Anonymous function. Takes a nested list as (1-based) input, and returns True or False as output. The main solution here is the 46-byte #~IsomorphicGraphQ~TransitiveReductionGraph@#&, which tests if a given graph is isomorphic to its transitive reduction. The rest converts the input to a Graph object.

Answer 3

CJam (41 bytes)

q~:A_,{{Af=e__&}%_}*]:.|A.&A:$:e`e_2%1-*!

Online demo, test harness

Dissection

q~:A      e# Parse input and store in A
_,{       e# Loop V times
  {       e#   Extend adjacency list representation of G^i to G^(i+1)
    Af=   e#   by extending each path by one edge
    e__&  e#   and flattening. NB :| would be shorter but breaks for empty lists
  }%
  _       e#   Duplicate, so that we build up G^2, G^3, ..., G^n
}*]       e# Gather in a single array
:.|       e# Fold pointwise union, giving the reachability from each vertex by
          e# paths of length > 1
A.&       e# Pointwise intersect with the paths of length 1
          e# We hope to get an array of empty arrays

          e# Handle the awkward special case of duplicate edges:
A:$       e# Sort each adjacency list
:e`       e# Run-length encode each adjacency list
e_2%      e# Extract only the run lengths
1-        e# Discard the 1s - so we now have an empty array unless there's a dupe

*         e# Join. We hope to be joining an array of empty arrays by an empty array
          e# giving an empty array
!         e# Check that we get a falsy value (i.e. the empty array)

Answer 4

Jelly, 20 bytes

ị³$ÐĿ€ị@Fœ&¥";œ-Q$€E

Uses 1-based indexing.
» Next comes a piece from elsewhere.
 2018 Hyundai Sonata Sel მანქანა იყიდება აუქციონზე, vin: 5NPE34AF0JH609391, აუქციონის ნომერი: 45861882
Try it online!

Loose Overview

     €                for each vertex,
ị³$ÐĿ                   compute its reach.
        Fœ&¥"         intersect each vertex's lists of children and
      ị@                children's reaches.
             ;        then concatenate the list of intersections with
              œ-Q$€     all duplicate edges in the original graph.
                   E  are all elements equal? checks that all are empty lists,
                        meaning empty intersections and no duplicates.